It is important that you write the report in this last cell and **not** after each question! 

## Last but not least
Have fun!

---

# CellName: Init (#2)
**CellType: Needed**  
**Cell instruction:**

In the cell below, we will import needed libraries. 

Run the cell by entering into the cell and press "CTRL Enter".

In [None]:
import torch
device = 'cpu'
# Uncomment this to use CUDA acceleration if available
# device = torch.accelerator.current_accelerator().type if torch.accelerator.is_available() else "cpu"
print(f"PyTorch: Using {device} device")
# The floating point data type can be changed here
dtype_torch = torch.float32

from torch.utils.data import DataLoader, TensorDataset
from torch import nn, Tensor
from collections import OrderedDict
import torchmetrics

import matplotlib.pyplot as plt
import numpy as np

# CellName: Data (#3)
**CellType: Needed**  
**Cell instruction:**

This cell defines the two synthetic datasets. The last function is used for standardization of the data. 
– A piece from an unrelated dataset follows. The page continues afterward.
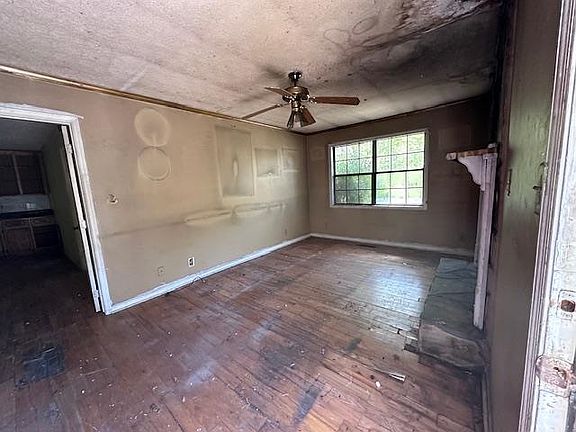 2nd image of 101 Emory Dr SE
Run the cell by entering into the cell and press "CTRL Enter".

In [None]:
def syn2(N):
    "Generate data for a classification problem in 2D."
    x = np.empty(shape=(N, 2))
    d = np.empty(shape=(N, 1))
    N1 = N // 2

    # Positive samples
    x[:N1,:] = 0.8 + np.random.normal(size=(N1, 2))
    # Negative samples
    x[N1:,:] = -.8 + np.random.normal(size=(N-N1, 2))

    # Target
    d[:N1] = 1
    d[N1:] = 0

    return x, d

def regr1(N, periods=2, damp=False, v=0):
    "Generate data for 1D regression problem with damped cosine and noise"
    dx = 2*periods*np.pi / (N-1)
    x = np.arange(N) * dx

    if damp:
        d = np.cos(x)*np.exp(-x*0.05)
    else:
        d = np.cos(x)
    noise = lambda n : np.random.normal(size=n)
    std_signal = np.std(d)
    d = d + v * std_signal * noise(N)

    return x[:, None], d[:, None]

def standard(x):
    "Mean and stddev across samples"
    return np.mean(x, axis=0), np.std(x, axis=0)

# CellName: PlotData (#4)
**CellType: Information**  
**Cell instruction:**

Here, we generate 100 cases for *syn2* and *regr1* datasets and plot them. 

Run the cell by entering into the cell and press "CTRL Enter". 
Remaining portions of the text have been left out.